Work required >> Give again the entries below exactly, beginning at the first line and ending at the line with "Mazda CX-5 II, 2016".

Recorded information >>
==========

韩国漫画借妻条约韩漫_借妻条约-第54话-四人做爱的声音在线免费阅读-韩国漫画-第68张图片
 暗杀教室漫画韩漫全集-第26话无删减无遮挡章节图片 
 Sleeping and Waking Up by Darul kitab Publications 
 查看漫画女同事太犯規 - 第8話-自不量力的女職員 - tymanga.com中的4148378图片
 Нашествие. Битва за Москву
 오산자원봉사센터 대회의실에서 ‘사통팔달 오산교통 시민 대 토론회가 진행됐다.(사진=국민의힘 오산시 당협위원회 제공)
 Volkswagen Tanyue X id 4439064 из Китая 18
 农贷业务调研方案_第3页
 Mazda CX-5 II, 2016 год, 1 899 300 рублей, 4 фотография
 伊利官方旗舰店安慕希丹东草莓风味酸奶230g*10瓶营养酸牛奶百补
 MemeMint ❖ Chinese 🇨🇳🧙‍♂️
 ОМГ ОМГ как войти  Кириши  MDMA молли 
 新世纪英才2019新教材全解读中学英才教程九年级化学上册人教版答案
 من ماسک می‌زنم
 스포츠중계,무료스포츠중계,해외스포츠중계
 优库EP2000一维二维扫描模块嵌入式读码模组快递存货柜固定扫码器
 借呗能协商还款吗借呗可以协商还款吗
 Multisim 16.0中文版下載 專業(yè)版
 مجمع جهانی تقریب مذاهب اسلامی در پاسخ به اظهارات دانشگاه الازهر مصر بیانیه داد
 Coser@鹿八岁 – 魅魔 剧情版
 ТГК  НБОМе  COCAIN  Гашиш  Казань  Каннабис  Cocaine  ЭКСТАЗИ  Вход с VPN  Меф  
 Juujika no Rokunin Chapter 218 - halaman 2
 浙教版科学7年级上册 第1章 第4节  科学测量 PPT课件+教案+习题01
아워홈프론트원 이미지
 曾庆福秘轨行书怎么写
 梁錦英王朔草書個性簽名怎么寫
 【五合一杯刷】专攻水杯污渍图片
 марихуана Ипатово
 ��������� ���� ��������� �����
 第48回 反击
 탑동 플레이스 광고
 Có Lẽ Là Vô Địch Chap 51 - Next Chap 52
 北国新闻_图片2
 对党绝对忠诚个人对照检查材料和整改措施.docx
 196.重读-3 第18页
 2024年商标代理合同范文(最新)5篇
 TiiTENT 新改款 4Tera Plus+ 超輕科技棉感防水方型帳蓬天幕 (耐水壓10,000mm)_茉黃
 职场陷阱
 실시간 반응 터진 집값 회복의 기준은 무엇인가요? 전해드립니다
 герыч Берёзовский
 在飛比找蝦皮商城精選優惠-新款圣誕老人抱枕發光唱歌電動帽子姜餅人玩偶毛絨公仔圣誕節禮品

==========

Answer area >>
韩国漫画借妻条约韩漫_借妻条约-第54话-四人做爱的声音在线免费阅读-韩国漫画-第68张图片
 暗杀教室漫画韩漫全集-第26话无删减无遮挡章节图片 
 Sleeping and Waking Up by Darul kitab Publications 
 查看漫画女同事太犯規 - 第8話-自不量力的女職員 - tymanga.com中的4148378图片
 Нашествие. Битва за Москву
 오산자원봉사센터 대회의실에서 ‘사통팔달 오산교통 시민 대 토론회가 진행됐다.(사진=국민의힘 오산시 당협위원회 제공)
 Volkswagen Tanyue X id 4439064 из Китая 18
 农贷业务调研方案_第3页
 Mazda CX-5 II, 2016 год, 1 899 300 рублей, 4 фотография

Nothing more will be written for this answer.